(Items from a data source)
+++
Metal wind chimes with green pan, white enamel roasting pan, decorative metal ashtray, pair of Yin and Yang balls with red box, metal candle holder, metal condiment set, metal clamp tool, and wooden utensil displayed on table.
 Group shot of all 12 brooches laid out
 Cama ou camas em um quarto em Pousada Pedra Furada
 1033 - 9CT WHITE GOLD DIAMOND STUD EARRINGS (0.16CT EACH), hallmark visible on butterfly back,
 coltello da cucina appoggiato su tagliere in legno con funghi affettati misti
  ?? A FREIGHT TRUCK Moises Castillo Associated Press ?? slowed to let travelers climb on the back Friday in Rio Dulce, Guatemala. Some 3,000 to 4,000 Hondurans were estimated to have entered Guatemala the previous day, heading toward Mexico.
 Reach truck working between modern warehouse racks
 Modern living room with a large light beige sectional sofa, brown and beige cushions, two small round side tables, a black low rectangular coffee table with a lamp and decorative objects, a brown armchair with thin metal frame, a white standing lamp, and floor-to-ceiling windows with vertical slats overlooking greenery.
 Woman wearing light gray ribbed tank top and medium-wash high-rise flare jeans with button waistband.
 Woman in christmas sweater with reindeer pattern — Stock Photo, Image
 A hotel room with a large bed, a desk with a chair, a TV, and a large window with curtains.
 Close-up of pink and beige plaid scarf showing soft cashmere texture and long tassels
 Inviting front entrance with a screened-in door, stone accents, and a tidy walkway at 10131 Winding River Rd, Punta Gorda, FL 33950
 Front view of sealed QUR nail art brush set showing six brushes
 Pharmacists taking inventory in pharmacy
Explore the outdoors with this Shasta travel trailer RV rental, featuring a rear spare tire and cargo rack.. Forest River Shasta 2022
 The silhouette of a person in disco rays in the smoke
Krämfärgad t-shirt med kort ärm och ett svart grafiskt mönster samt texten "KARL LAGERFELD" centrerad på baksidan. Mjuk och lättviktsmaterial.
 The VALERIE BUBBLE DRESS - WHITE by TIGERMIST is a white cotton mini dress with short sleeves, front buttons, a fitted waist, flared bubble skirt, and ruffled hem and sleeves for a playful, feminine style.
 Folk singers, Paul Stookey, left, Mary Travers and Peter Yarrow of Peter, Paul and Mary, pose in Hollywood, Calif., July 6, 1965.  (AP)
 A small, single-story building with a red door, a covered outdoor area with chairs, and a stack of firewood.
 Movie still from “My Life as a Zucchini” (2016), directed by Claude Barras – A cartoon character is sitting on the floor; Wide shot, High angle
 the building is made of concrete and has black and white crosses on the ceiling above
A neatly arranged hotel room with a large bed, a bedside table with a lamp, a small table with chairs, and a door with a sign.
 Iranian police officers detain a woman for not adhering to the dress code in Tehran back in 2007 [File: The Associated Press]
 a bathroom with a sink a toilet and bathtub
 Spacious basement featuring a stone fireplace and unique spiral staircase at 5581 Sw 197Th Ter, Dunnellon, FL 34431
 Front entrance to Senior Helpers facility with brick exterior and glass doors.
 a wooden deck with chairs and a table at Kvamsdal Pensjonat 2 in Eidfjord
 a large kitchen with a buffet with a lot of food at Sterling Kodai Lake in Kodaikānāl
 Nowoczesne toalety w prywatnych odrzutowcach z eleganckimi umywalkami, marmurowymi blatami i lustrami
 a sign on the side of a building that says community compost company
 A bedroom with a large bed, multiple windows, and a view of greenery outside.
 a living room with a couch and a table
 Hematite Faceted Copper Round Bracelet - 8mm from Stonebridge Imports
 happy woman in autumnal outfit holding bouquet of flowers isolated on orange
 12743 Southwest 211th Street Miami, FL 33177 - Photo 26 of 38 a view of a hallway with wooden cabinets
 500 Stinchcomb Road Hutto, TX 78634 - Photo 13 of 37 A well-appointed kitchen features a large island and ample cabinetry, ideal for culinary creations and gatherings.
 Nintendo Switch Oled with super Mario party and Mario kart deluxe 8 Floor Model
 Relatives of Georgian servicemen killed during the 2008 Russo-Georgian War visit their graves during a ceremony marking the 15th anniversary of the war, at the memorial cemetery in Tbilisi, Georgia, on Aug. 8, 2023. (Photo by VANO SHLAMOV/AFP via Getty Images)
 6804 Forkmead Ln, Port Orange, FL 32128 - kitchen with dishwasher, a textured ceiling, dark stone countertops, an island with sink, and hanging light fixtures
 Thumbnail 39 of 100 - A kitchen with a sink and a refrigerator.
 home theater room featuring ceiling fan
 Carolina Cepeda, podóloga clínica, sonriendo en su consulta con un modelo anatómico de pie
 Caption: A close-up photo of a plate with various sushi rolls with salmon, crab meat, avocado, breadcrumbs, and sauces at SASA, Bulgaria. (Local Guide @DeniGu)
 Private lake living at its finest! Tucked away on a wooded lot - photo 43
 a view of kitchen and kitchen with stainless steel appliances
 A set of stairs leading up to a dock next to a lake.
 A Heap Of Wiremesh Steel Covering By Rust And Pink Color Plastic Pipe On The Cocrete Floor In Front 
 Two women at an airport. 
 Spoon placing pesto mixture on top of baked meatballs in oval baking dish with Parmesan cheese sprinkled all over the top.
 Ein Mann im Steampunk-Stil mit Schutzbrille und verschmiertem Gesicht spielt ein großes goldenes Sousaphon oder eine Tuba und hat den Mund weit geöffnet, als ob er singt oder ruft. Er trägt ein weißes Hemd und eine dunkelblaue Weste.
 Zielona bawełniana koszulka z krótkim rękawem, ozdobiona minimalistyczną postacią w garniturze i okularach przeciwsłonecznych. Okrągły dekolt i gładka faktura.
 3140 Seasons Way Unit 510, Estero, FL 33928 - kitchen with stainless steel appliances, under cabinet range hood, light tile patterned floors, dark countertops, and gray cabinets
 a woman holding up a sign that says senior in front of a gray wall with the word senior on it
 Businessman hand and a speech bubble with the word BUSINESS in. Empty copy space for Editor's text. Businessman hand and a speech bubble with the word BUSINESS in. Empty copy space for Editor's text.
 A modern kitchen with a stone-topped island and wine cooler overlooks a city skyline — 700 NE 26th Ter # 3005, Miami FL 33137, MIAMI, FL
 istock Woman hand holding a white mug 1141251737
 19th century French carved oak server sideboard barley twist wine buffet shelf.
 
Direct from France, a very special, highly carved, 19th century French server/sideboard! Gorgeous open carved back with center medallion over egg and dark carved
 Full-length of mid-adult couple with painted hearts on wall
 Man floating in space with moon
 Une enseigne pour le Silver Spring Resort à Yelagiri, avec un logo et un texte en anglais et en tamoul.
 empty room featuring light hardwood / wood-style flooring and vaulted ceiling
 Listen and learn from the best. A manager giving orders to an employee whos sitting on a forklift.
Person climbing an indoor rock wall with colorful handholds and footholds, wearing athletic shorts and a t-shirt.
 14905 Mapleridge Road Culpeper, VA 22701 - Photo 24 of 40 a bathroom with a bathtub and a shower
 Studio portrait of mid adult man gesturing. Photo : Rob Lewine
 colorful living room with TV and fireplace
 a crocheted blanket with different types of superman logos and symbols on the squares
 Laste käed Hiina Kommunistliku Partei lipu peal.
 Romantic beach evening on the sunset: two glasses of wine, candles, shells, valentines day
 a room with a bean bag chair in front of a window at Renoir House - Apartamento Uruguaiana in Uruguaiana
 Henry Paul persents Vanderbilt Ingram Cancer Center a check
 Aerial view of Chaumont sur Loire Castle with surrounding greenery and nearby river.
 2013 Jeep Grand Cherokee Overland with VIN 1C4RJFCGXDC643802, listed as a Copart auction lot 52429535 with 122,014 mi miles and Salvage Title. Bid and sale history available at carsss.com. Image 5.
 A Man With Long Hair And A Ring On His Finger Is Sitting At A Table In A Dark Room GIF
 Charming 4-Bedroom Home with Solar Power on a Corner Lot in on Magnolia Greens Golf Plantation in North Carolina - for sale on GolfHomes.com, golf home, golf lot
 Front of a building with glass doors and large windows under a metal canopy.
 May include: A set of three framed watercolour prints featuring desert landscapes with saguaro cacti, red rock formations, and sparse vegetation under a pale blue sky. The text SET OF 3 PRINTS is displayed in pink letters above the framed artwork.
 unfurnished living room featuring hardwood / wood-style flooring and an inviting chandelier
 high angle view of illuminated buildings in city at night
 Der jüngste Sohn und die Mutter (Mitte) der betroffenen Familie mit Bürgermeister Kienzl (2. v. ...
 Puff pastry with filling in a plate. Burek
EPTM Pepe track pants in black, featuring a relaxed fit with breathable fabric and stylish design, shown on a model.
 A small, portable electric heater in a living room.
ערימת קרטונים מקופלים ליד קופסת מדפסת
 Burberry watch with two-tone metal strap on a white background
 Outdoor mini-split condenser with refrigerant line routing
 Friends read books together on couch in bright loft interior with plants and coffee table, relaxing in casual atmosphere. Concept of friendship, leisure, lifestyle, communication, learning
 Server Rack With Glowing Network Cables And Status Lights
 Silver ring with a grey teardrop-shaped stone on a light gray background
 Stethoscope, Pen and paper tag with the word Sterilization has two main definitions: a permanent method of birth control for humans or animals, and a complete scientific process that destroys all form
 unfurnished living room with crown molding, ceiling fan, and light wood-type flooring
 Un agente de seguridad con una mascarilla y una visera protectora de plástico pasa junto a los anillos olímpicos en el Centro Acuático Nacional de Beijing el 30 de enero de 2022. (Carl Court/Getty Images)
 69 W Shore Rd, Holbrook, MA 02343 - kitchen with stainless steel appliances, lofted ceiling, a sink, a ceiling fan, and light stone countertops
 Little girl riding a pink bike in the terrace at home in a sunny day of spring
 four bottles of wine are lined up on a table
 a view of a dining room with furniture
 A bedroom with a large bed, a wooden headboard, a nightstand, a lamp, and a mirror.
+++
■ **Task brief**
Reproduce, exactly as they stand in the data above, the lines from the one that holds "coltello da cucina" to the one that holds "Reach truck working", inclusive.

■ **Solution to this task**
 coltello da cucina appoggiato su tagliere in legno con funghi affettati misti
  ?? A FREIGHT TRUCK Moises Castillo Associated Press ?? slowed to let travelers climb on the back Friday in Rio Dulce, Guatemala. Some 3,000 to 4,000 Hondurans were estimated to have entered Guatemala the previous day, heading toward Mexico.
 Reach truck working between modern warehouse racks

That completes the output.